Hard Numbers: Colombians sour on Duque, Tigray famine looms, monster ship arrives in US, Dutch climate ruling

Colombia's President Ivan Duque looks on during the announcement of the granting of legal status of temporary protection to Venezuelan migrants in Bogota.

REUTERS/Luisa González

76: Iván Duque is now the most unpopular president in Colombian history. His disapproval rating — disapproval! — has plunged to 76 percent in the wake of widespread protests against his (now-abandoned) tax hike plans, which have since morphed into an ongoing national strike to demand broader social reforms.

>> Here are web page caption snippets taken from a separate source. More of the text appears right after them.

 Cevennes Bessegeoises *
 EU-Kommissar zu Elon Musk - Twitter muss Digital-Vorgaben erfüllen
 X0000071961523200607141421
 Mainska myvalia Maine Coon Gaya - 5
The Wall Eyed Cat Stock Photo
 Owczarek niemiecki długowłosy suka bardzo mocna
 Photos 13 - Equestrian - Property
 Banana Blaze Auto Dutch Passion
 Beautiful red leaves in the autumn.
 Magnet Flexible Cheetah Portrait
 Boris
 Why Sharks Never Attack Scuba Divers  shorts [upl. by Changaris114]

2: The UN has warned that Ethiopia's war-torn Tigray region is at serious risk of famine if food assistance is not scaled up in two months. The conflict between the Ethiopian army and Tigrayan separatists has destroyed harvests and killed most of the region's livestock, while aid groups are often blocked from delivering supplies.

16,000: The CMA CGM Marco Polo this week became the largest cargo ship ever to arrive on a US port, visiting the US East Coast — and Signal writer Willis Sparks' mom saw it in person! The vessel is longer than the Empire State Building is tall, and it can store more than 16,000 20-foot (6.1-meter) containers. Hopefully a strong wind doesn't come along...

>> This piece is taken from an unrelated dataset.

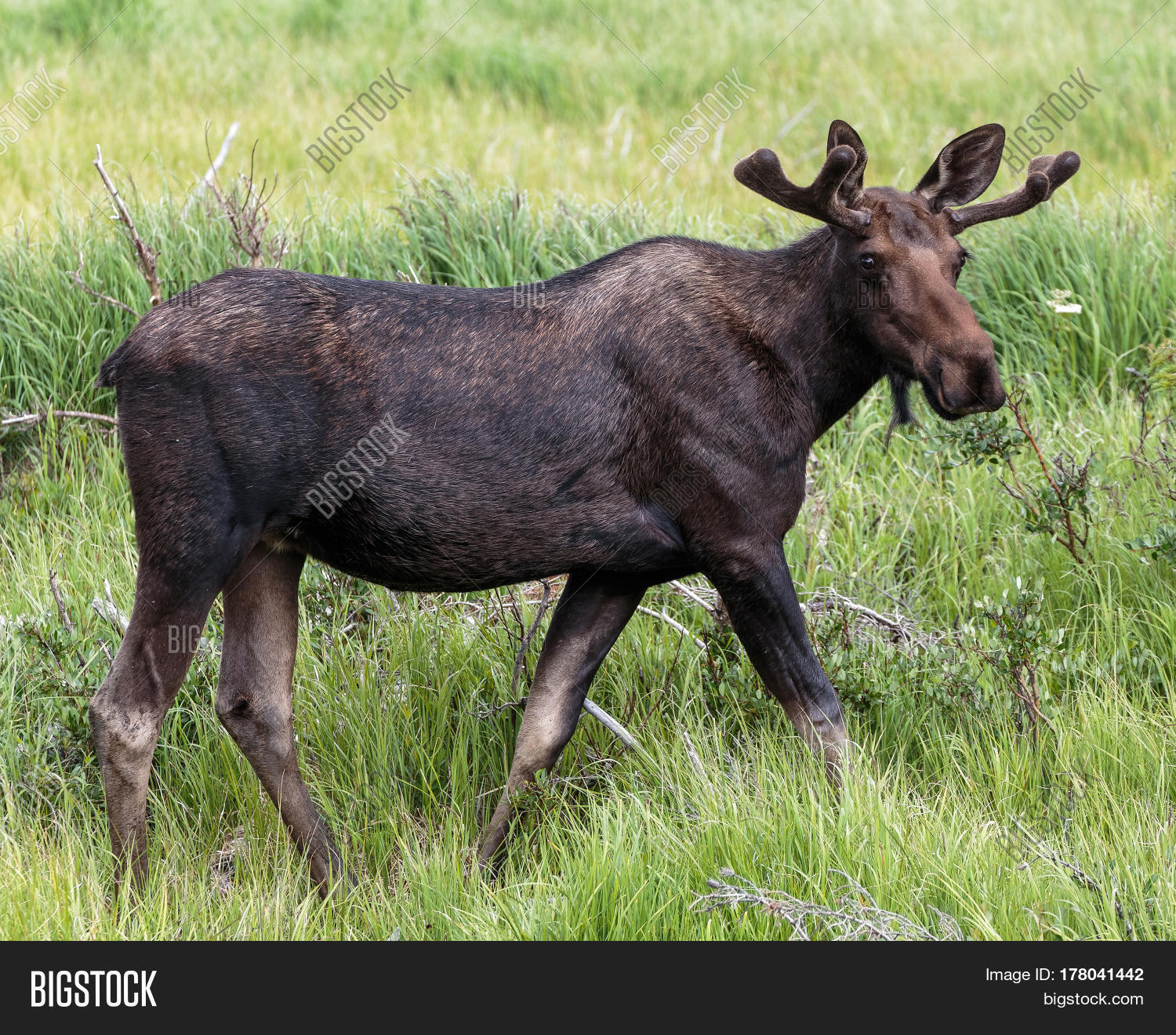 Shiras Moose Colorado Image & Photo (Free Trial) Bigstock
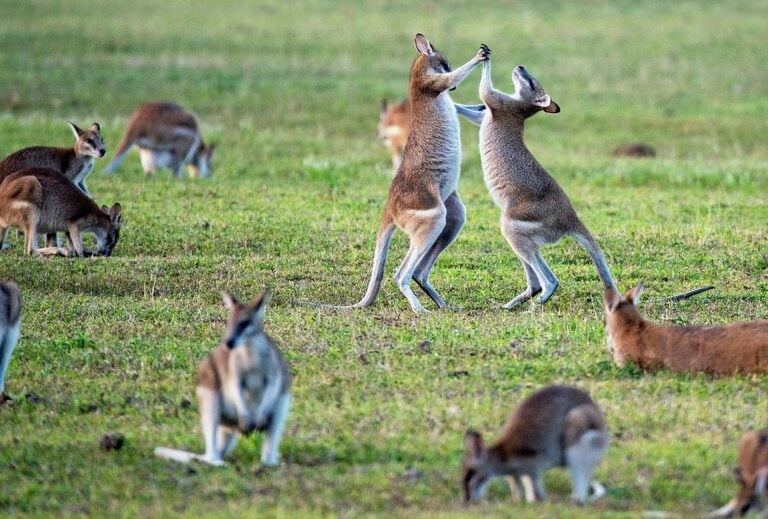 Kangaroos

45: A court in the Netherlands ordered energy giant Shell to cut its carbon emissions by 45 percent from 2019 levels by the end of the decade. Environmental groups had sued Shell for violating the human rights of the Dutch people by extracting fossil fuels. The landmark ruling could make it easier to take legal action against energy companies over their contribution to climate change.